User-level API for generating a fusion + quantized model from a FP32 model w/ or w/o calibration with oneDNN. The backend quantized operators are only enabled for Linux systems. Please do not run inference using the quantized models on Windows for now.

Parameters

allAs in quantize_model

Returns

quantized_model – A tuple of quantized symbol, quantized arg_params, and aux_params.

Return type

tuple

quantize_net(network, quantized_dtype='auto', quantize_mode='full', quantize_granularity='tensor-wise', exclude_layers=None, exclude_layers_match=None, exclude_operators=None, calib_data=None, data_shapes=None, calib_mode='none', num_calib_batches=None, device=cpu(0), LayerOutputCollector=None, logger=None)[source]

User-level API for Gluon users to generate a quantized SymbolBlock from a FP32 HybridBlock w/ or w/o calibration. The backend quantized operators are only enabled for Linux systems. Please do not run inference using the quantized models on Windows for now.

Parameters
  • network (Gluon HybridBlock) – Defines the structure of a neural network for FP32 data types.

  • quantized_dtype (str) – The quantized destination type for input data. Currently support ‘int8’ , ‘uint8’ and ‘auto’. ‘auto’ means automatically select output type according to calibration result. Default value is ‘int8’.

  • quantize_mode (str) – The mode that quantization pass to apply. Support ‘full’ and ‘smart’. ‘full’ means quantize all operator if possible. ‘smart’ means quantization pass will smartly choice which operator should be quantized.

  • quantize_granularity (str) – The granularity of quantization, currently supports ‘tensor-wise’ and ‘channel-wise’ quantization. The default value is ‘tensor-wise’.

  • exclude_layers (list of strings) – A list of strings representing the names of the symbols that users want to excluding

  • exclude_layers_match (list of strings) – A list of strings wildcard matching the names of the symbols that users want to excluding from being quantized.

  • exclude_operators (list of strings) – A list of strings representing the names of the operators that users want to excluding

  • calib_data (gluon.DataLoader) – A iterable data loading object.

  • data_shapes (list of DataDesc or list of tuple) – A list of data shapes. Required if calib_data is not provided. In case of tuples, the names of inputs are generated.
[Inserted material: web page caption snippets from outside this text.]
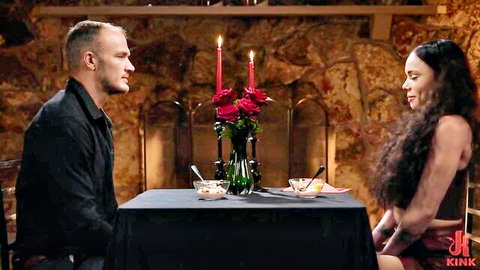 Lucia in romantic domination dinner scene with handsome man, Kink.com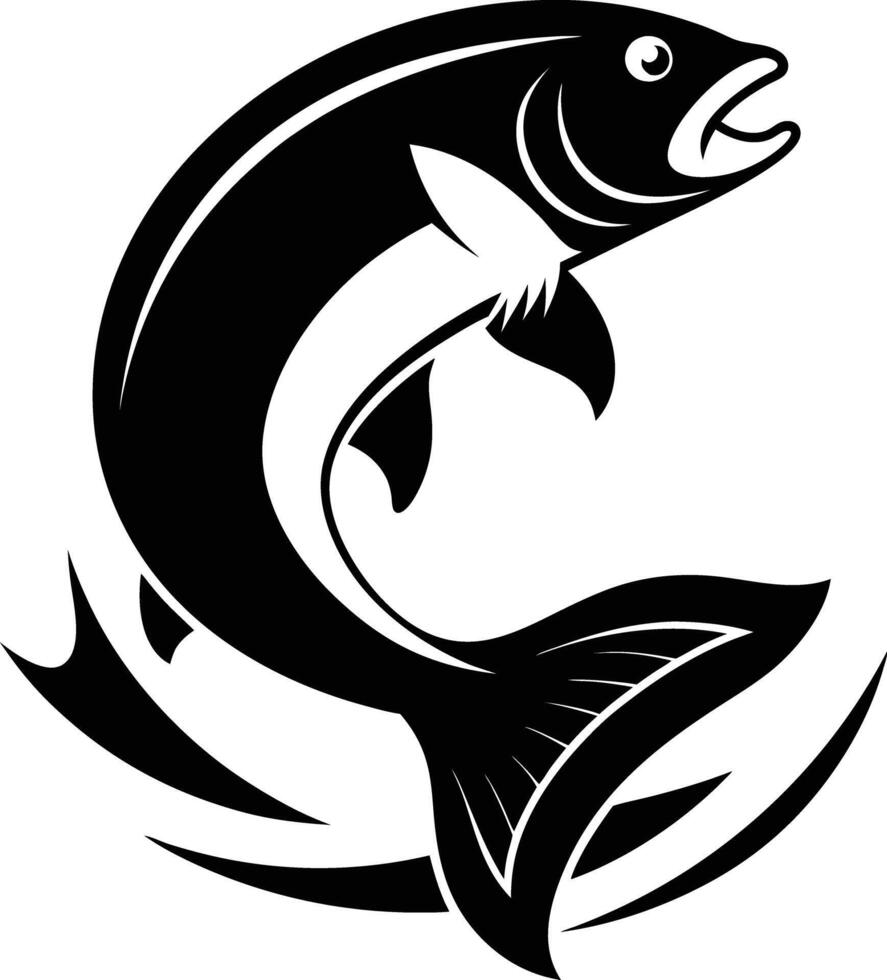fish jumps illustration black and white vector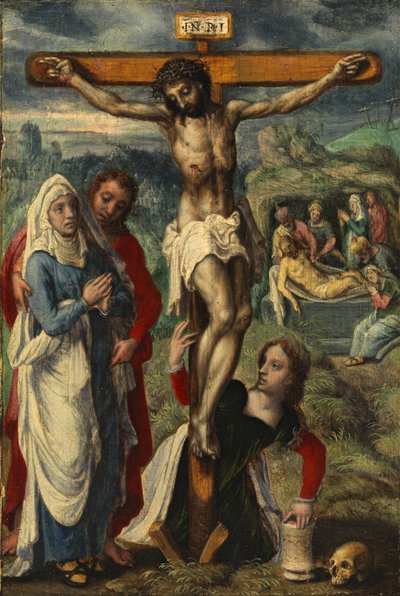 Christus aan het Kruis, met de Graflegging op de Achtergrond, c.1530 door Pieter Aertsen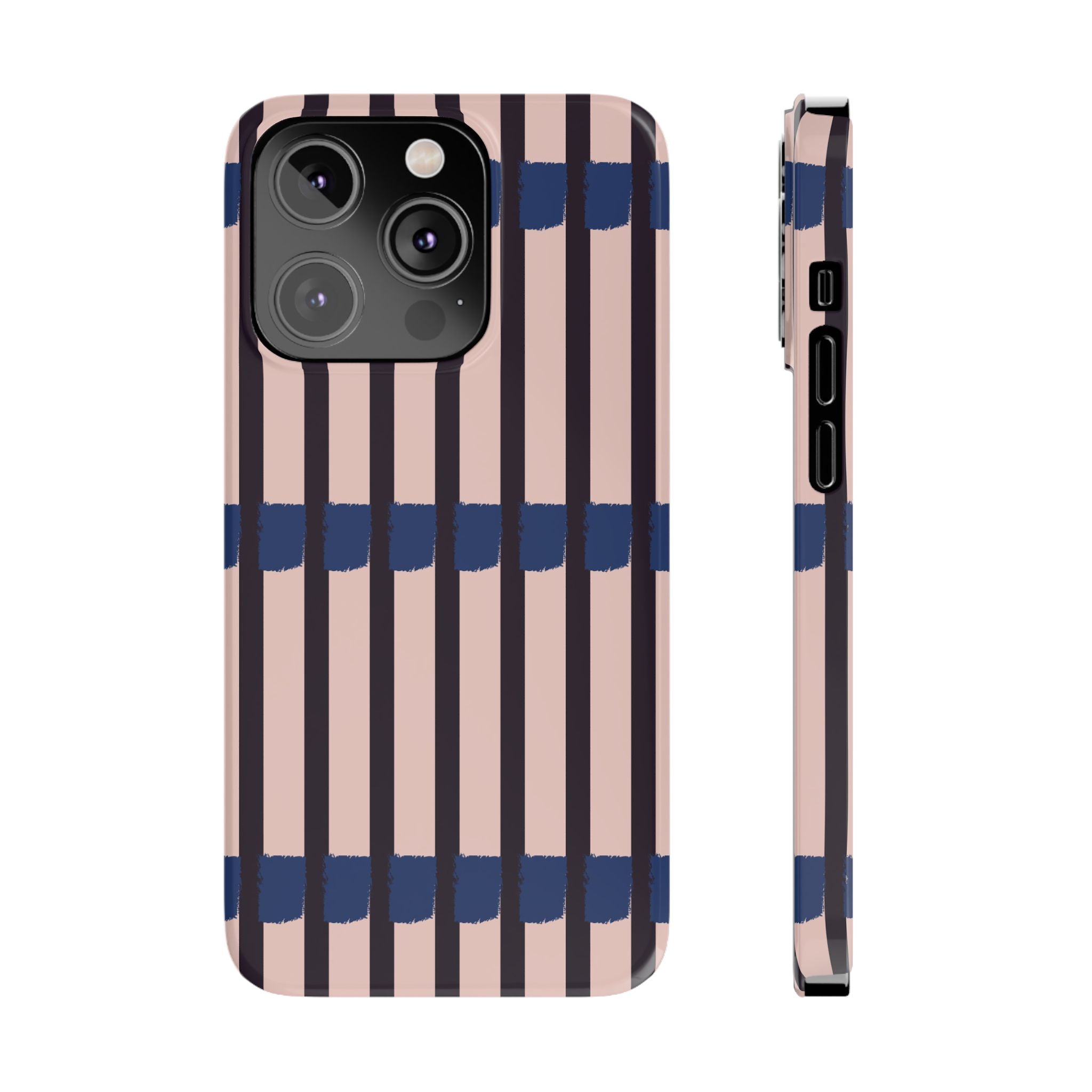 Slim Phone Case — Minimalist Blush & Navy Stripe Pattern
  • calib_mode (str) – If calib_mode=’none’, no calibration will be used and the thresholds for requantization after the corresponding layers will be calculated at runtime by calling min and max operators. The quantized models generated in this mode are normally 10-20% slower than those with calibrations during inference. If calib_mode=’naive’, the min and max values of the layer outputs from a calibration dataset will be directly taken as the thresholds for quantization. If calib_mode=’entropy’ (default mode), the thresholds for quantization will be derived such that the KL divergence between the distributions of FP32 layer outputs and quantized layer outputs is minimized based upon the calibration dataset. If calib_mode=’custom’, the provided LayerOutputCollector will be used to determine the thresholds for quantization. For more information refer to CalibrationCollector documentation.

  • num_calib_batches (int or None) – The maximum number of batches that user would like to use for calibration. If not provided, the whole calibration dataset will be used.

  • device (Device) – Defines the device that users want to run forward propagation on the calibration dataset for collecting layer output statistics. Currently, only supports single device.

  • LayerOutputCollector (subclass of CalibrationCollector) – For custom calibration method usage. Passed object’s include_layers attribute will be feed with names of layers which needs calibration

  • logger (Object) – A logging object for printing information during the process of quantization.

Returns

network – Defines the structure of a neural network for INT8 data types.

Return type

Gluon SymbolBlock